La pasada semana un ingeniero de Google publicó las razones que le han llevado a abandonar la empresa después de cuatro años. El motivo principal es que su ascenso ha sido denegado varias veces a pesar de que su rendimiento siempre era calificado como excelente por su superior. Esto es posible porque en Google es un comité el que decide quién sube y quién se queda en el escalón donde está:

No, managers at Google can’t promote their direct reports. They don’t even get a vote.
Instead, promotion decisions come from small committees of upper-level software engineers and managers who have never heard of you until the day they decide on your promotion.
You apply for promotion by assembling a “promo packet”: a collection of written recommendations from your teammates, design documents you’ve created, and mini-essays you write to explain why your work merits a promotion.
A promotion committee then reviews your packet with a handful of others, and they spend the day deciding who gets promoted and who doesn’t.
El comité en cuestión rechazó la primera solicitud de este ingeniero argumentando que no podían ver el impacto que había tenido en Google con sus quehaceres. Él se dio cuenta entonces de que el trabajo que había estado haciendo era muy útil para el equipo pero no para lograr un ascenso, pues no llamaba la atención sobre el papel. Así, pasó a ocuparse únicamente de aquello que pudiera impresionar al comité que decidiría sobre su futuro:

I adopted a new strategy. Before starting any task, I asked myself whether it would help my case for promotion. If the answer was no, I didn’t do it.
My quality bar for code dropped from, “Will we be able to maintain this for the next 5 years?” to, “Can this last until I’m promoted?” I didn’t file or fix any bugs unless they risked my project’s launch. I wriggled out of all responsibilities for maintenance work. I stopped volunteering for campus recruiting events. I went from conducting one or two interviews per week to zero.
Desafortunadamente, su nuevo plan tampoco funcionó porque sus proyectos eran cancelados o su jefe le movía de un equipo a otro continuamente, a consecuencia de lo cual no podía presentar ningún gran proyecto como prueba de su valía. Así pues, por un lado, en Google le decían que no podían juzgar su impacto hasta que no terminara un proyecto pero, por otro, la compañía lo cambiaba de proyecto incesantemente. Sin ganas de esperar «seis meses más» por tercera vez, decidió marcharse.

Foto de Logan Pierson
En mi trabajo he visto comportamientos similares y, seguramente, ustedes también. Hablo de ese compañero que elige los casos más fáciles de resolver para que su número de problemas resueltos destaque sobre los demás. O de ese que acapara tareas y las deja sin hacer, solo para aparentar que es el que más trabaja. O de ese otro que ocupa sus horas de oficina en hacerse propaganda y convencer a los superiores de su valía, en lugar de hacer algún trabajo real.

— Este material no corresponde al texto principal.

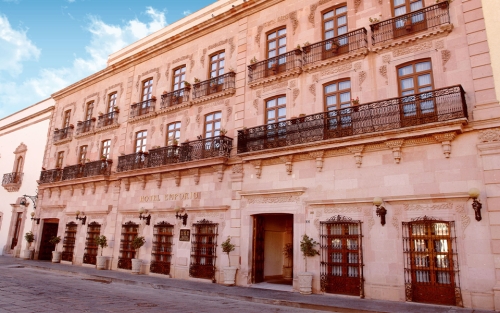 fachada-Hotel-Emporio-Zacatecas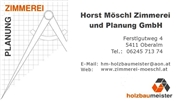Horst Möschl Zimmerei und Planung GmbH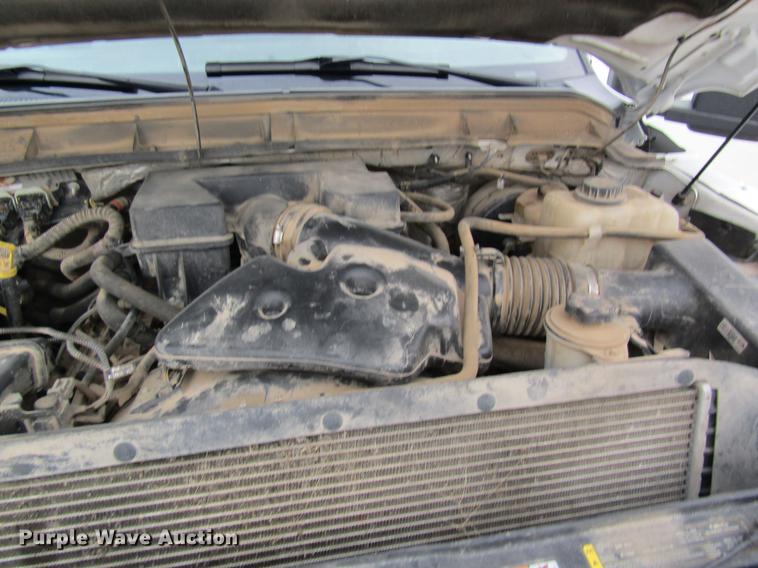 image for item DB9767 2013 Ford F250 Super Duty SuperCab pickup truck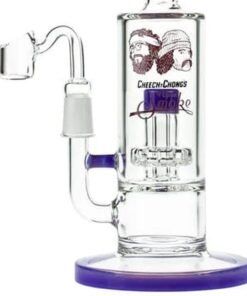 Alternative view of C&C - C&C Water Pipe  40th Anniversary Great Dane-Purple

Reconozco que en alguna ocasión yo he obrado de forma similar, dedicando más tiempo a tareas que servían para cumplir mis objetivos que a labores más urgentes en ese momento. Como miembro más experimentado de un equipo de cinco personas, mi jefe de la época me asignó proyectos que solo yo podía llevar a cabo. Centrarme en dichos proyectos significaba que debía dejar de ayudar a mis colegas, lo que significaba que el trabajo no salía adelante a buen ritmo y la pila de faenas pendientes crecía indefinidamente. Pero del cumplimiento de mis tareas especiales dependía mi compensación extra anual, así que me salía más rentable abandonar a su suerte al resto del equipo y dedicarme a lo mío.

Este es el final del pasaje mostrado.